Beliefs formed basically are not, of course, unassailable. A person suffering from amnesia might come to distrust her memories. If someone is informed he is under the influence of a hallucinogen, he would have reason to doubt his observations of the world. Basic beliefs can be defeated by being undercut, or by being flat-out rebutted. In the case of a design discourse, for example, the belief could be totally rebutted if one could offer proof that natural, totally unguided evolution had produced one of these biological systems. This, however, is impossible: science itself is incapable of showing that the evolutionary process was not directed by God. Even if the mutations that led to the development of the system were totally random, they could nonetheless have been planned by God in the creation of the whole universe from the beginning. Such a claim is therefore inherently metaphysical, and cannot be demonstrated empirically. It would be easier to undercut the design belief, by showing it both possible and not profoundly unlikely that an evolutionary path could have given rise to the phenomena in question. If such a path could be shown, it would indeed serve to weaken one’s confidence in a design assessment. For one thing, though, such paths do seem to be rather improbable (even if the actual probabilities are not knowable). For another, even if such an undercutting defeater were granted entirely, it might not totally defeat the basic belief, because there can be deflectors for such defeaters. If one has many other reasons (philosophical, empirical, experiential, and so on) to affirm Christianity, for example, then even a reasonable claim for the viability of some naturalist evolutionary path might not defeat the design assessment—only weaken it.
In short, Behe’s analysis qua argument has a number of weaknesses. It may serve as one part of a broader inference toward theism, but on its own merits, it does seem to fall prey to some of the critiques Draper in particular offers—not least, because Behe advances a very strong claim about the irreducible complexity of the structures in question.
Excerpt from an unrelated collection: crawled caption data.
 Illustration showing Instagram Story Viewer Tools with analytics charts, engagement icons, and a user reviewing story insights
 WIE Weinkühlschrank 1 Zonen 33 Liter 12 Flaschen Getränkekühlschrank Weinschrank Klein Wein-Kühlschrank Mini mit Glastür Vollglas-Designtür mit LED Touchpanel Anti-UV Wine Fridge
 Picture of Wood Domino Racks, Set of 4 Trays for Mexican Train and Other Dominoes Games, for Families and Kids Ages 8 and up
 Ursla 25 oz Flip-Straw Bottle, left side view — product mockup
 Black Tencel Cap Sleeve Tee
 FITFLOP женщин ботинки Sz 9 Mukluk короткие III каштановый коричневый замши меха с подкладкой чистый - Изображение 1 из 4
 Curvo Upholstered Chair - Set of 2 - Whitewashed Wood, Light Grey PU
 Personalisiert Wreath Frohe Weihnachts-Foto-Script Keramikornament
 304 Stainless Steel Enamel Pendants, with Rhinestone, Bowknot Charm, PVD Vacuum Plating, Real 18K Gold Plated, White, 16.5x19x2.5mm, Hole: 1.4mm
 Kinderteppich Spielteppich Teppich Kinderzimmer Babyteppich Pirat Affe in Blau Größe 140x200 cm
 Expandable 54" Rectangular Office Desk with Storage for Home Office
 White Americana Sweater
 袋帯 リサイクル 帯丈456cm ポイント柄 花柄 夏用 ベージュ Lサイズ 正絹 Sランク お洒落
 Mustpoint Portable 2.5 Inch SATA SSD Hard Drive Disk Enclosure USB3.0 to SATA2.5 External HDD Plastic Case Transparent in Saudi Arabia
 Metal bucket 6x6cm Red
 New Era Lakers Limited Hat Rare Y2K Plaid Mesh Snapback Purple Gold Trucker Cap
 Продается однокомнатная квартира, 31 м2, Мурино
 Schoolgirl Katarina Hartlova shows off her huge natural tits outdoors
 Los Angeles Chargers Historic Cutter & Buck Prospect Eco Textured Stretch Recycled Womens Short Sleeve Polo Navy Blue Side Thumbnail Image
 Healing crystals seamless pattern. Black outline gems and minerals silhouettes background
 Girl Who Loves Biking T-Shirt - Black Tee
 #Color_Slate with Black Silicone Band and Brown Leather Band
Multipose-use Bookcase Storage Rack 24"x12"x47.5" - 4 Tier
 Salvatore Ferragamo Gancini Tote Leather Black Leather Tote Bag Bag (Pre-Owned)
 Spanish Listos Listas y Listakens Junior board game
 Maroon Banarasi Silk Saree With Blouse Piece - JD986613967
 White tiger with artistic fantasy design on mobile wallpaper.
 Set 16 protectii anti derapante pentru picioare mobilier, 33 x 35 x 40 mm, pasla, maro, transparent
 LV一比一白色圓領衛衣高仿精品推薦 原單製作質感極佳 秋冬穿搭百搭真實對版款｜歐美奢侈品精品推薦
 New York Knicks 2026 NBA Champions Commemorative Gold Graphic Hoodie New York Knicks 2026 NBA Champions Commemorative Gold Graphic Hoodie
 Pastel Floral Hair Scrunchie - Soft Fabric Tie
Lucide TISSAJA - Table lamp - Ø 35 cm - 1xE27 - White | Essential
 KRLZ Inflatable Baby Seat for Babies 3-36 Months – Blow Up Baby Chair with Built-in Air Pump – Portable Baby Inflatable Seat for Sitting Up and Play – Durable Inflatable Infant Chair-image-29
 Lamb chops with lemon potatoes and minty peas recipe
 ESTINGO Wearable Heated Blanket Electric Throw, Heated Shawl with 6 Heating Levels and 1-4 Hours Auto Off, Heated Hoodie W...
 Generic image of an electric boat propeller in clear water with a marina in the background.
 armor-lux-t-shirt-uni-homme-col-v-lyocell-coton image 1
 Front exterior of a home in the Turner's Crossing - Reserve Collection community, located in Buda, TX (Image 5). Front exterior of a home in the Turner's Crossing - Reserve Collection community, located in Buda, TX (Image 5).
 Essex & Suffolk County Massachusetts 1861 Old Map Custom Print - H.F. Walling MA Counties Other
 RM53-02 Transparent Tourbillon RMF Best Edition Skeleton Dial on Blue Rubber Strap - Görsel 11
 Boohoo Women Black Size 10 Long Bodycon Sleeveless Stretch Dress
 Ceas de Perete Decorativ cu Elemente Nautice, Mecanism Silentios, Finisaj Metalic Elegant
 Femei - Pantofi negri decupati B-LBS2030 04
It falls to him to defend that claim. But taking his analysis as exemplary of a basic, and therefore well-warranted, recognition of design in biological systems seem rather more secure. Taking the two together may be the best of all. It may be possible to see and immediately recognize design, and to reason inferentially about designed mechanisms, and for both to have a confirmatory status in one’s affirmation of Christian theism.